Initial funding for the project was provided by the South African Business Trust and continued co-funding was provided by the SA Department of Health, the MOZAL aluminium smelter, the SA Department of Science and Technology and the Mozambique Ministry of Health.
The successes achieved by the malaria control component of the LSDI was highlighted by the allocation of US$ 22 million from the Global Fund against AIDS, TB and Malaria; a fund set up to reduce the impact of these diseases in developing countries. The previous Environmental Affairs and Tourism Minister, Mr Valli Moosa, also announced a R432 million investment into ecotourism into the KwaZulu-Natal area. This marks the largest rural ecotourism boost yet for KwaZulu-Natal.
Malaria: THE FACTS
- Almost 300 million cases of malaria occur worldwide each year. Over one million people die from the disease annually.
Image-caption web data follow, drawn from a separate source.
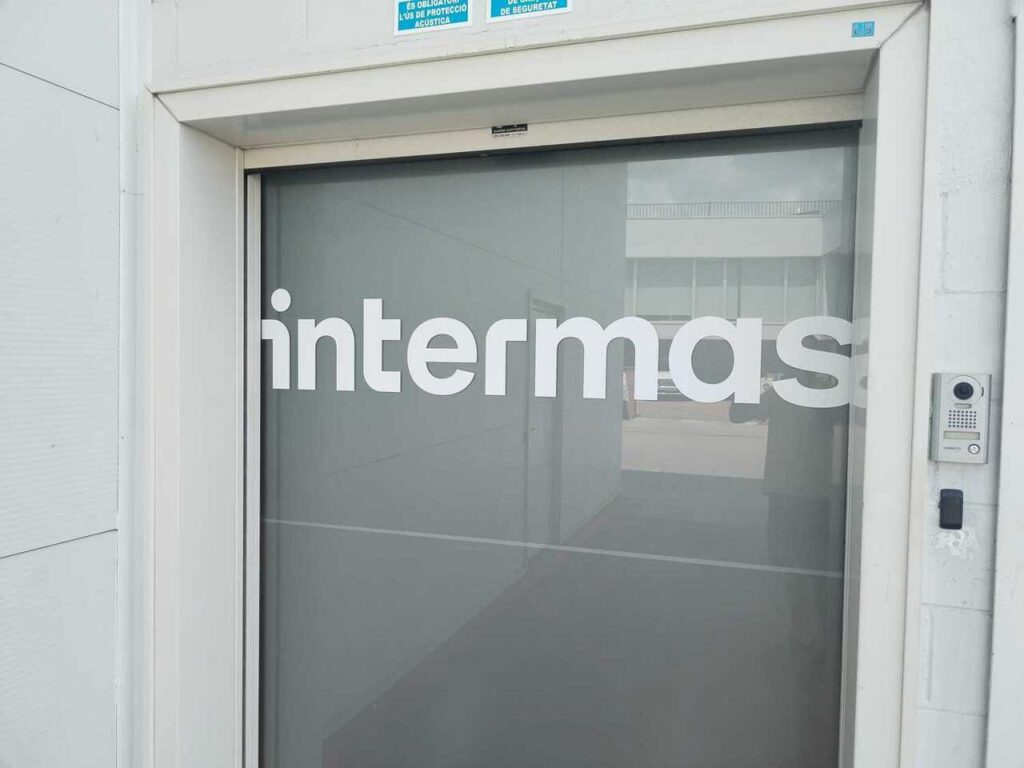 vinil-caixa-llum-intermas-11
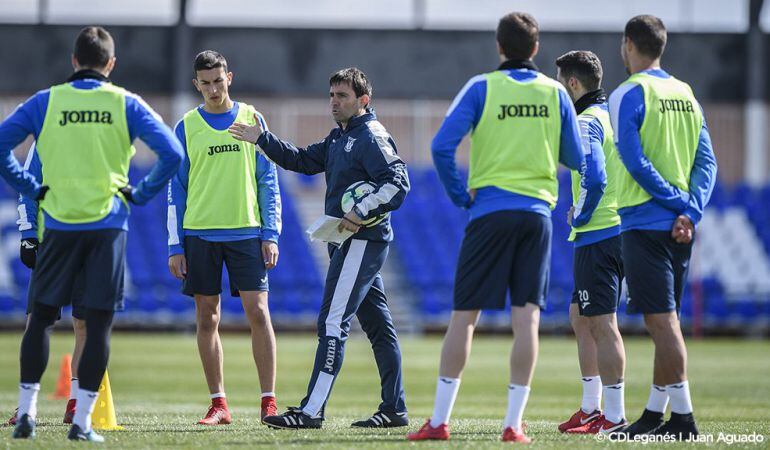 Garitano da instrucciones a sus hombres durante una sesión de esta semana.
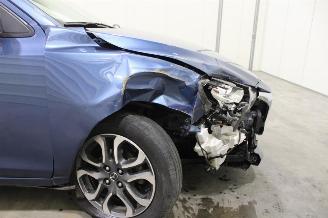 Mazda 2  picture 6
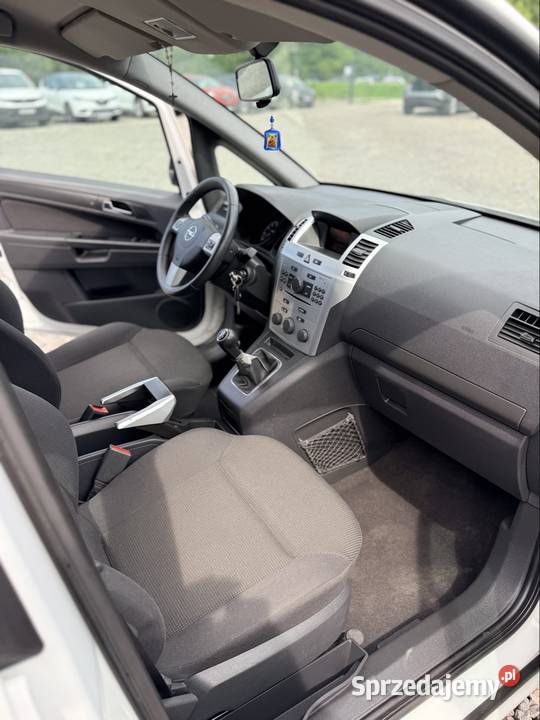 Opel Zafira B 16 benzyna 2011r elektryczne lusterka Tomaszów Lubelski
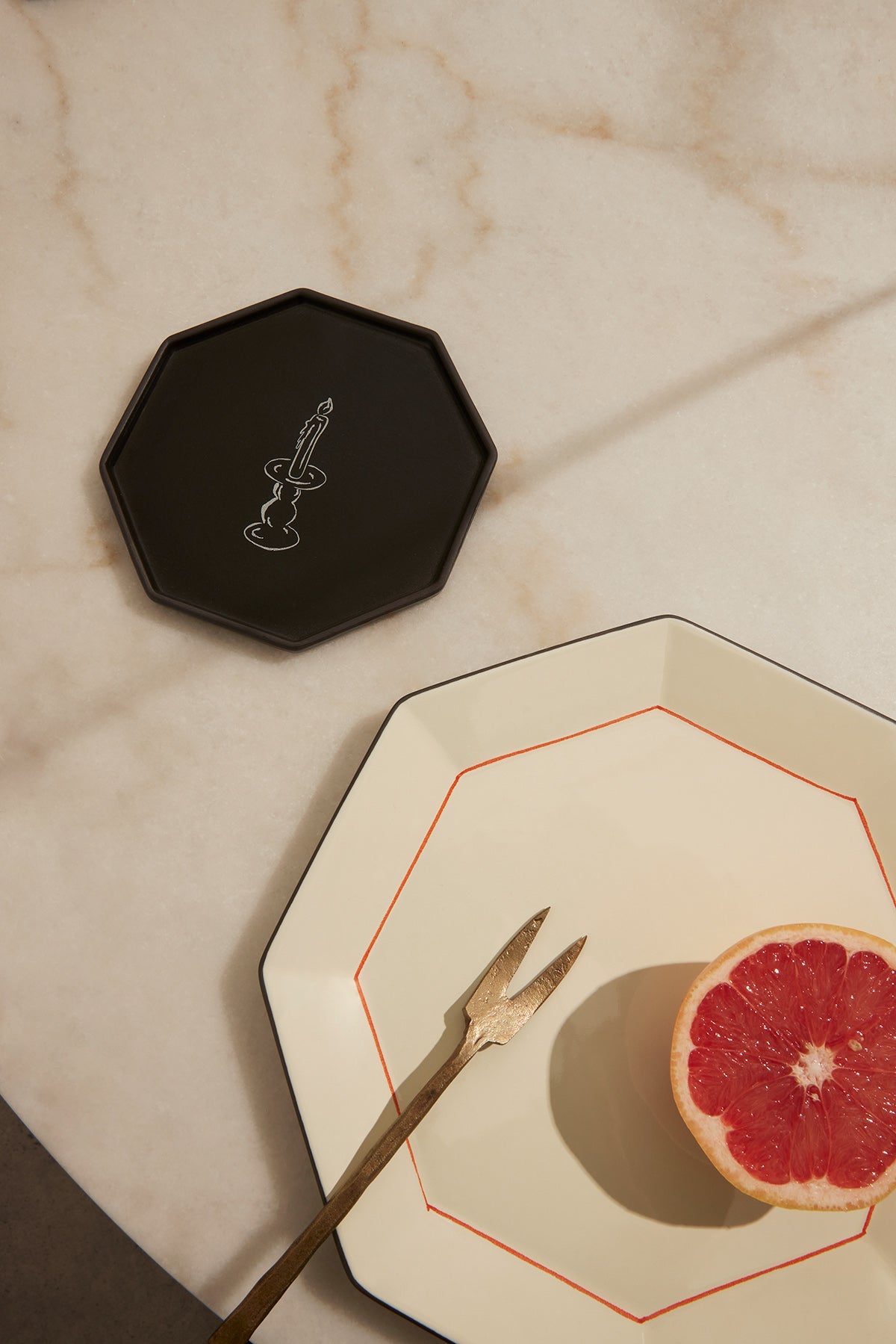 Gem Dinner Plate - Ivory - Tableware - Black Blaze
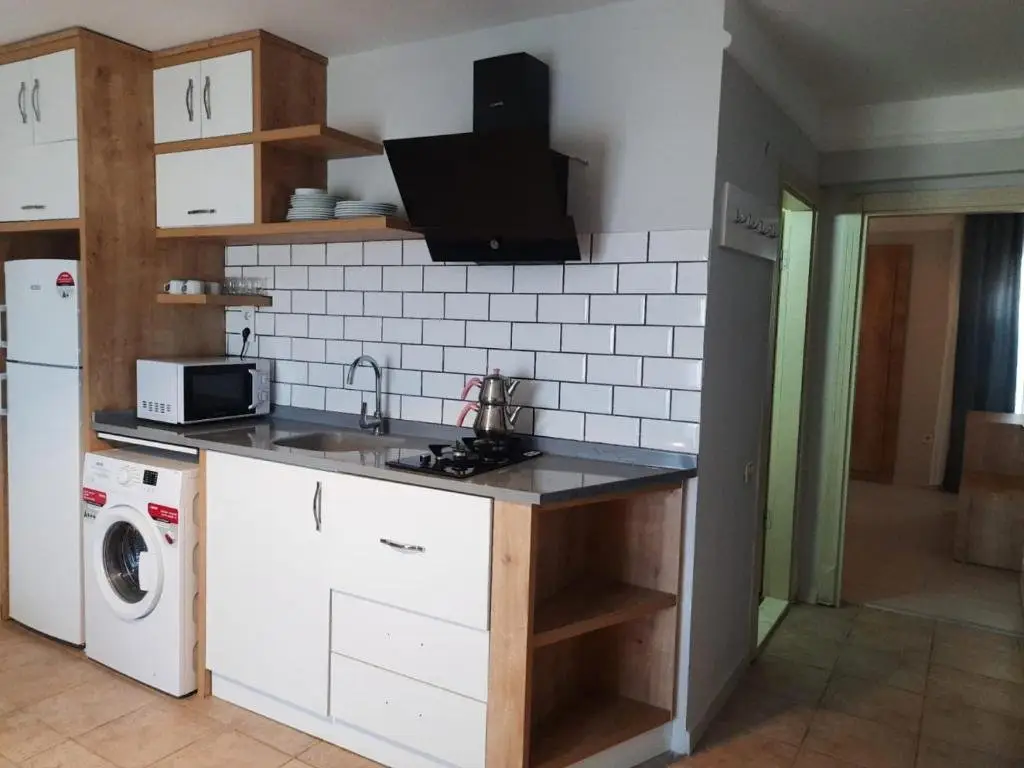 Чешме: Mesmerizing Flat With Shared Pool In Cesme
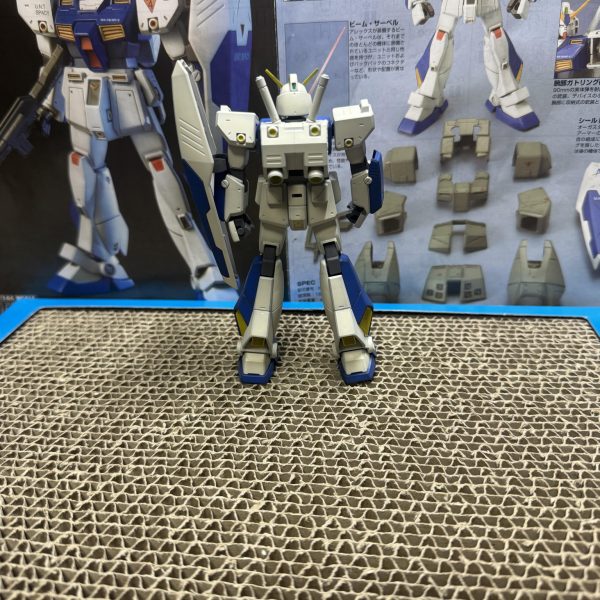 だいぶ放置していたアレックスようやく塗装して組みました部分塗装が下手すぎて(gundam-kao9)（3枚目）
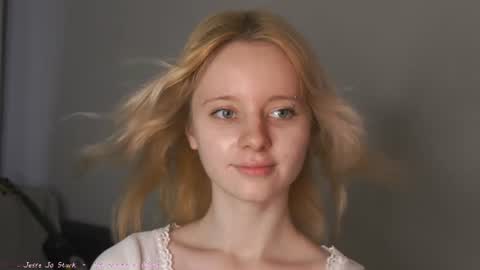 See Its honey bunny  im Lana online show from July 28, 3:21 pm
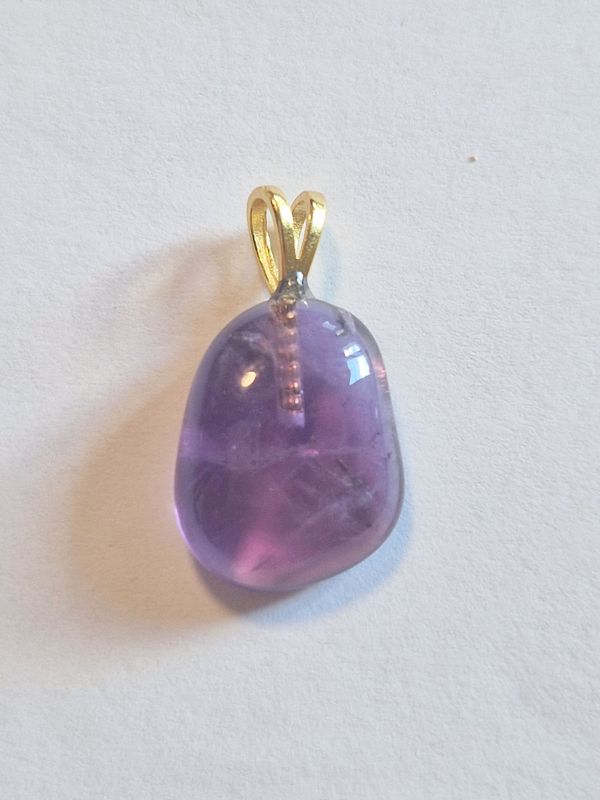 ​Amethyst mit vergoldeter Silberöse 925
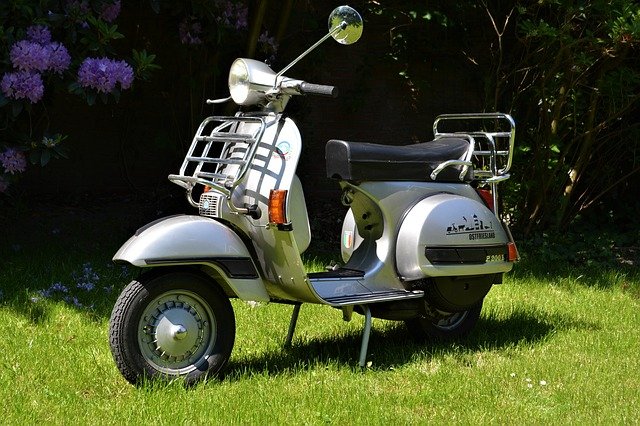 Free download vespa antique car p200e scooter free picture to be edited with GIMP free online image editor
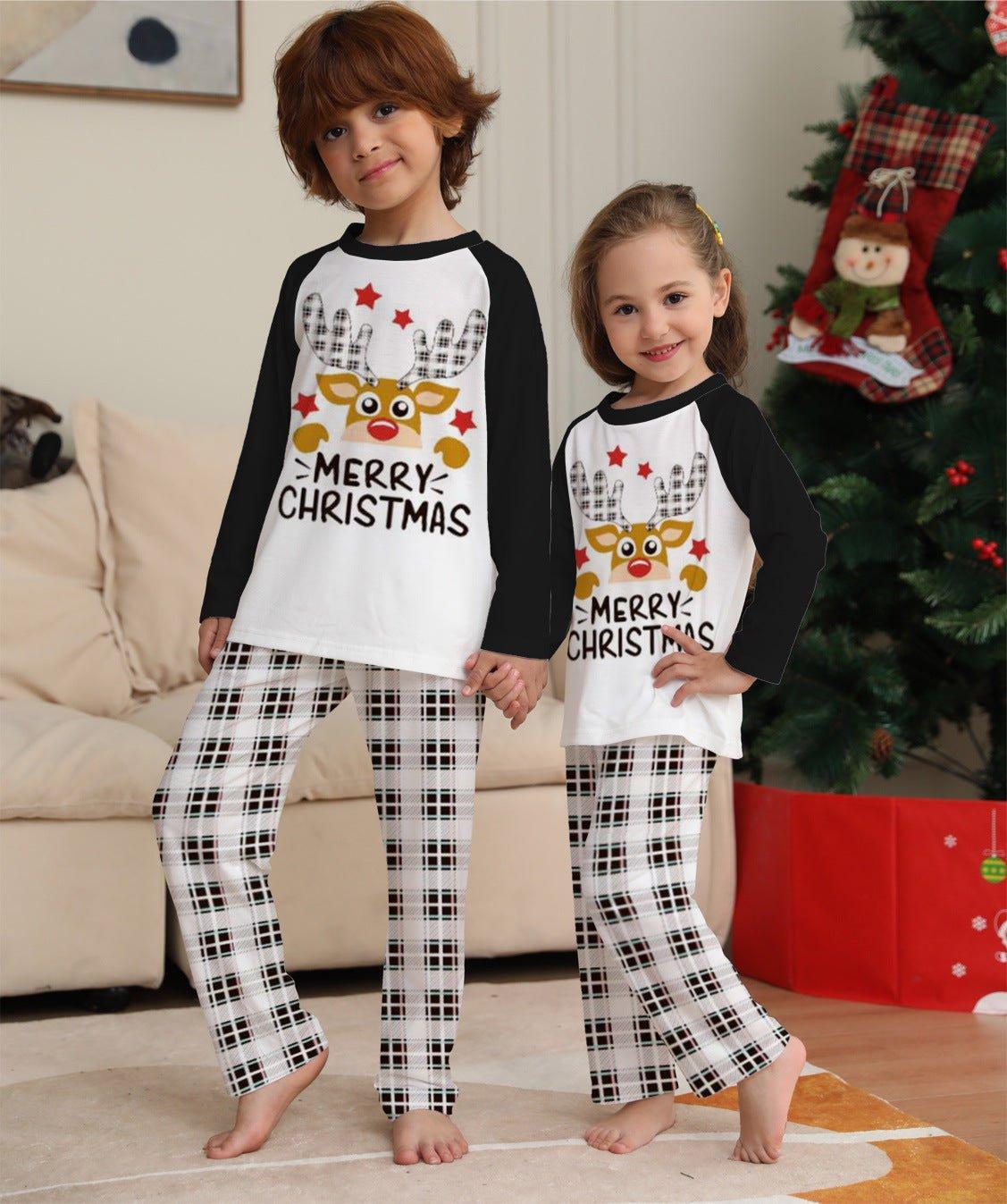 New Plaid Reindeer Print Christmas Family Matching Pajama Set | Stylish Deer Head Two - Piece Family Sleepwear - Coscosmos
- Malaria is directly responsible for one in every five child deaths in Africa. It also indirectly contributes to the illness and deaths of children from respiratory infections, diarrhoeal disease and malnutrition.
- One estimate of the impact of malaria on national income in Africa put the economic burden at 0,6% of gross domestic product (GDP). Separate estimates for Kenya put the overall production loss at 26% of GDP, and at 15% for Nigeria. Recent research suggests that the adverse economic impact of malaria in Africa is probably even greater than 1% of GDP. This figure is mainly made up of estimated productivity losses through premature mortality and spells of sickness. Further, malaria in school children is a major cause of absenteeism and probably reduces the effectiveness of their education. (From the WHO Health Report 1999).
- The malaria parasite (Plasmodium falciparum), which causes the majority of the disease in Africa, is mainly transmitted by the Anopheles funestus and the Anopheles gambiae groups of mosquitoes. Anopheles funestus is the main carrier of the disease in the southern African region.